Sunday, May 8, 2005

The burden of morality

Have you ever wished you just didn't know better? Wouldn't life be easier if you had never learned certain things that now affect how you live?

Oh, to live in the days before I realized that we had a government that lied to us and an economy that exploited us. If only I could have remained in that adolescent haze where I believed that America was not only a potential but an actual beacon of good and justice in the world. Now there is rarely a day that something in the news about our policies home and abroad doesn't disgust me. The country sits back and lets themselves be raped and plundered by evil men, and it makes me want to scream. I feel outraged not only at the pirates who rule the world but at the peasants who take it without a struggle, who freely give themselves because they think their overlords earned their position fairly--and one day the peasants might as well.

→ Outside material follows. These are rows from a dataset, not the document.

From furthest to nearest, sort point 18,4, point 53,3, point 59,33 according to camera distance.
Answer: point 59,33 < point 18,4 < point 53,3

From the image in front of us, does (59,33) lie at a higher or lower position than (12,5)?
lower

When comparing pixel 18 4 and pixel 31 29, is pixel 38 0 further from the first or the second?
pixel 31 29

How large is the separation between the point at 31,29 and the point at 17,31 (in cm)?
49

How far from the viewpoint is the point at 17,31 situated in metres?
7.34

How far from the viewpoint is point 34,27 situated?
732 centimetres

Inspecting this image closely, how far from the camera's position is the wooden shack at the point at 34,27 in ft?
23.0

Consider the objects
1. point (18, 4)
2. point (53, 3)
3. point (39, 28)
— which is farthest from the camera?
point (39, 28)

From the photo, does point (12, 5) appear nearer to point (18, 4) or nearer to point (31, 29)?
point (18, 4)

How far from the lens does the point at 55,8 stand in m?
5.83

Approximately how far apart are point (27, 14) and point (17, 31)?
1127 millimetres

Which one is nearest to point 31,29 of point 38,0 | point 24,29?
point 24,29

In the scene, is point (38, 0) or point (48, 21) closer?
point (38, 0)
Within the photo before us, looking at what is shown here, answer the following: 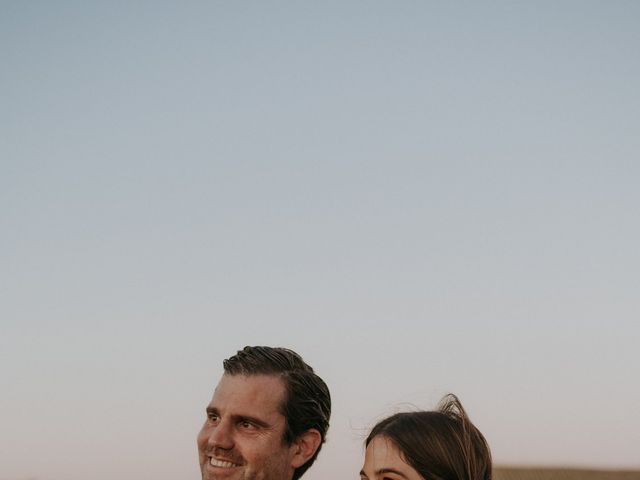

I remember a time when I didn't think every time I went to a restaurant about how the server was being treated by all her other tables and how she deserved far more than she got. I can recall looking at beggars on the side of the road and thinking, get a job, before my parents drove me away in my self-satisfaction. There was a time when I ate animals that had been tortured, drugged, and slaughtered and I loved the flavor. Now I sometimes feel guilty when I eat cheese because even though no animal was killed I know that "organic" dairy cows are still horrifically mistreated and their male offspring are taken away prematurely and often sold as veal, licking the nails in their wooden pens to get enough iron to curb their anemia. The mothers wail for days. But tender veal is delicious, and every time I have a glass of milk I am saying it is OK.

Learning the way the world works has brought me the twin pleasures of anger and guilt; anger at the world for being the way it is and guilt for not doing enough to stop it. It is hard to be good, it takes effort and vigilance. You have to try and try to do the right thing while managing not to beat yourself up when you discover that you are capable of making the same mistakes as everyone else.

But it is worth it.

It is definitely worth it.

And I am an eternal optimist. Despite the feelings I am expressing, I really do believe that people are capable of great good. I have no doubt that, ultimately, the future will be a far better place than the past it overtakes. That's why I don't give up and give in, and while I may not do as much as I could, I do what I do and I think it helps.

At the very least, it helps me sleep at night.

1 comment:

  1. I really admire you for your optimism, Ryan. I wish I could have as positive an outlook. I'm working on it, but it just doesn't come all that easily.